> _PROBLEM_
Print the line that contains "리리수(LILISU) Parker Jacket / Brown", then every line after it until the entries end, exactly as they read; do not include pictures.

> _RECORDS FOR THE TASK_
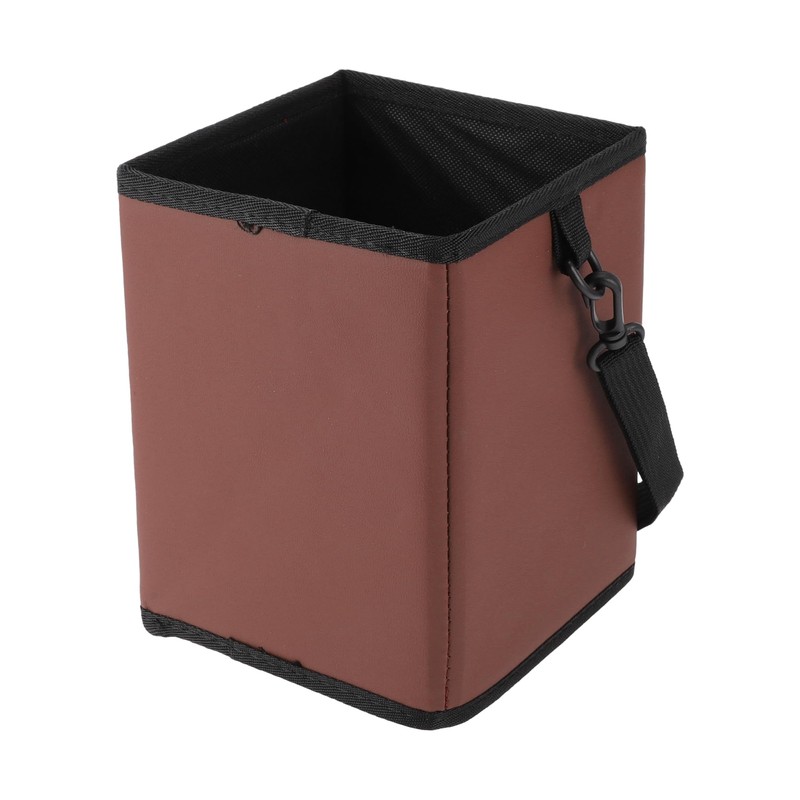 A ABSOPRO Car Trash Can Hanging and Foldable 6.3" Length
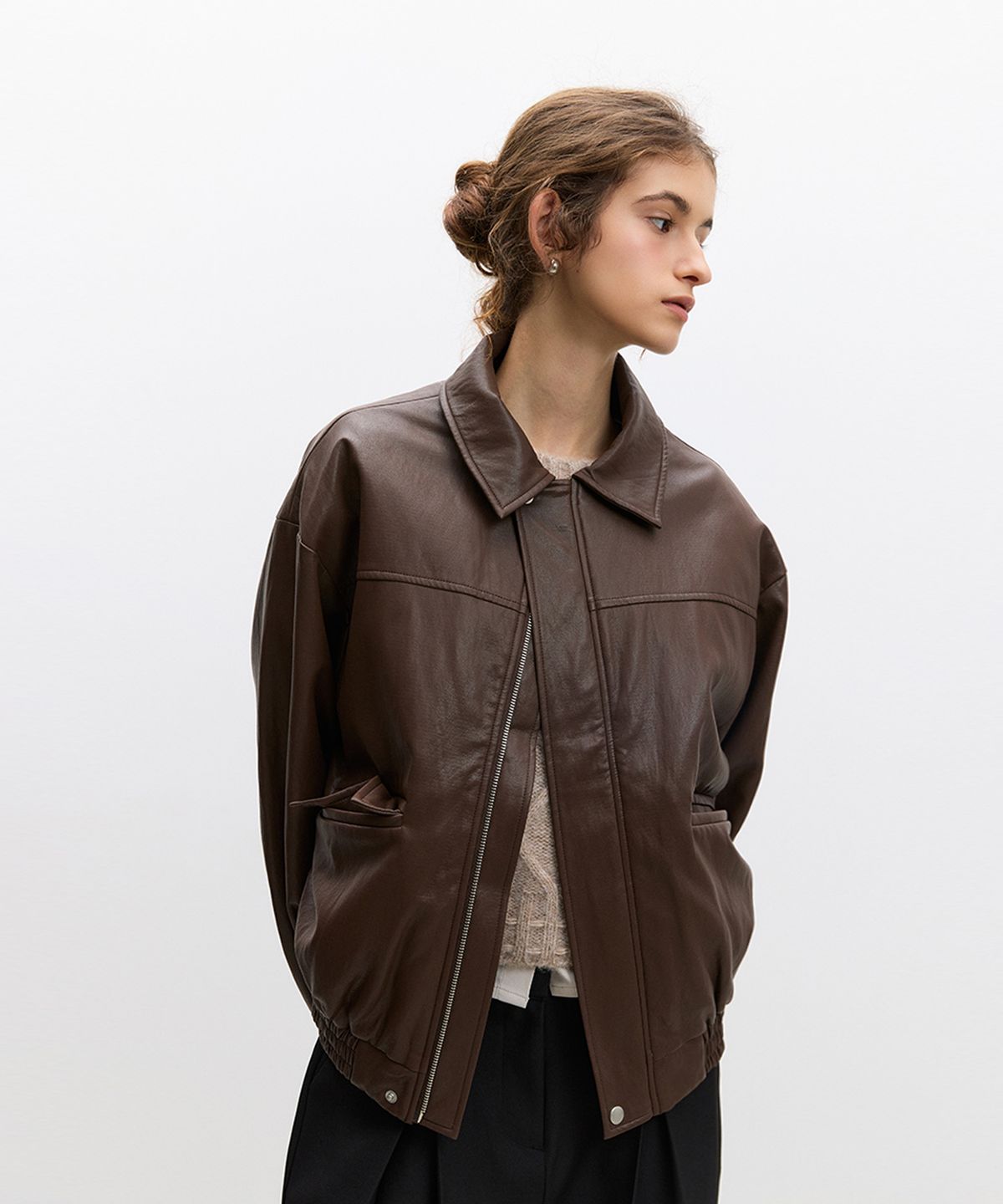 리리수(LILISU) Parker Jacket / Brown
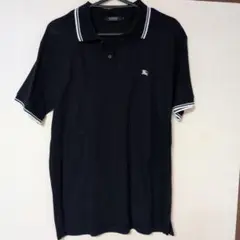 BURBERRY BLACK LABEL ネイビー ポロシャツ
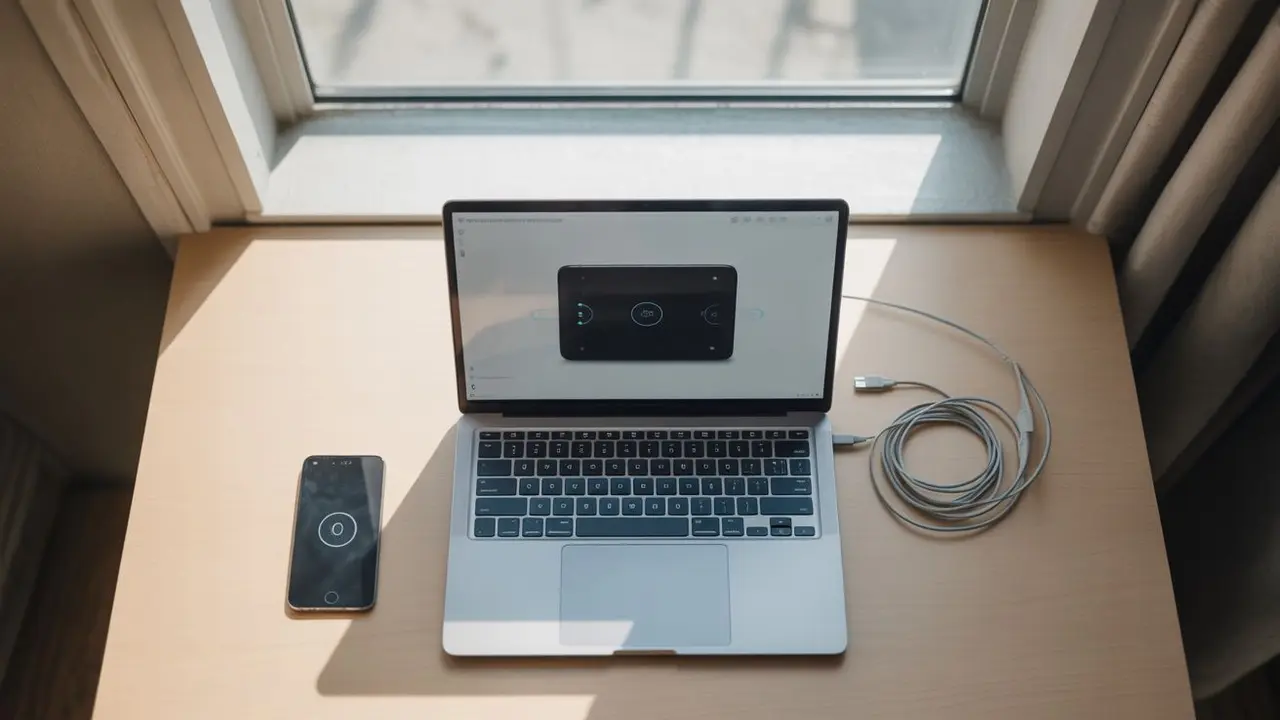 cara menampilkan layar hp ke laptop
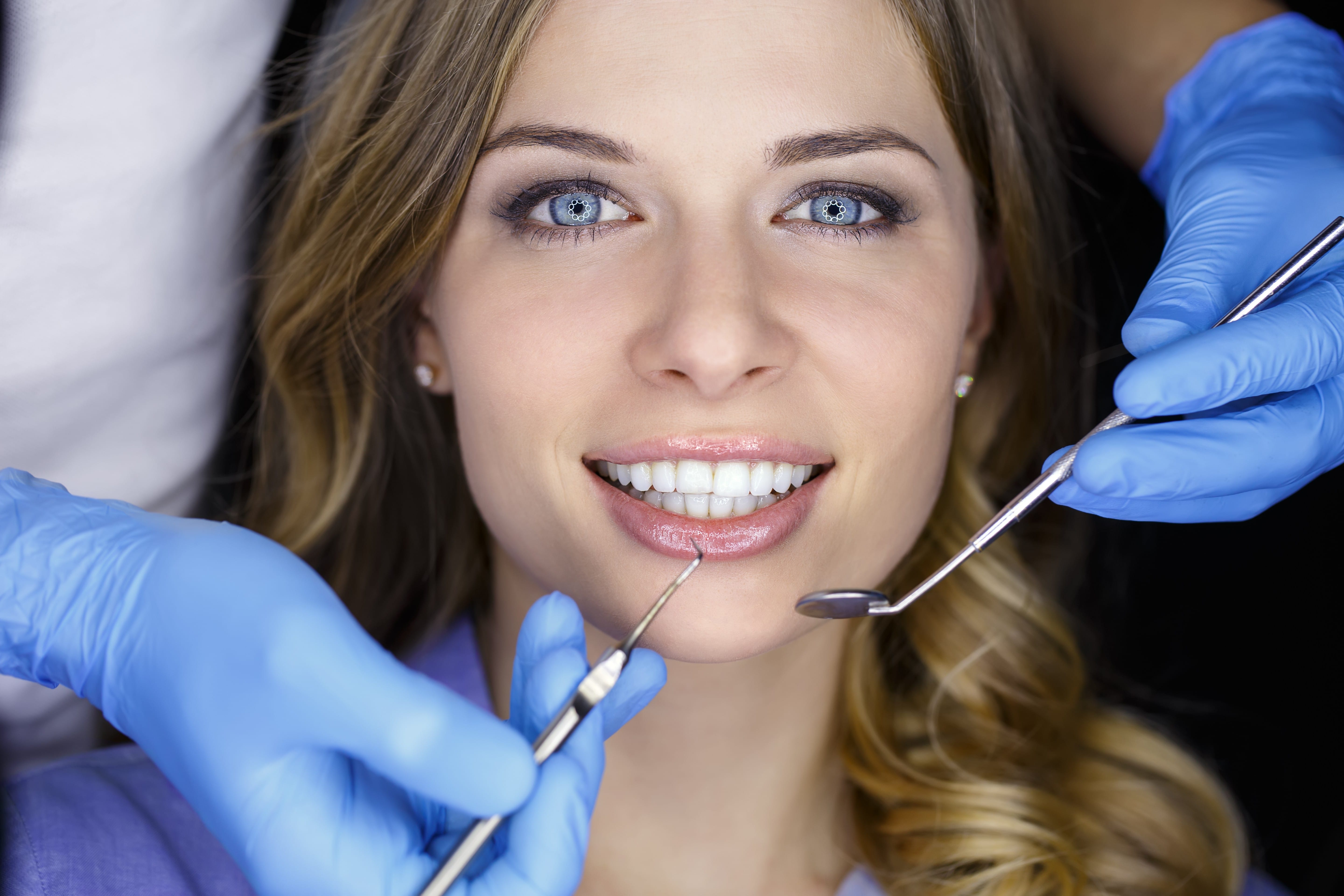 Woman Getting a Dental Checkup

> _SOLUTION TO THE PROBLEM_
 리리수(LILISU) Parker Jacket / Brown
 BURBERRY BLACK LABEL ネイビー ポロシャツ
 cara menampilkan layar hp ke laptop
 Woman Getting a Dental Checkup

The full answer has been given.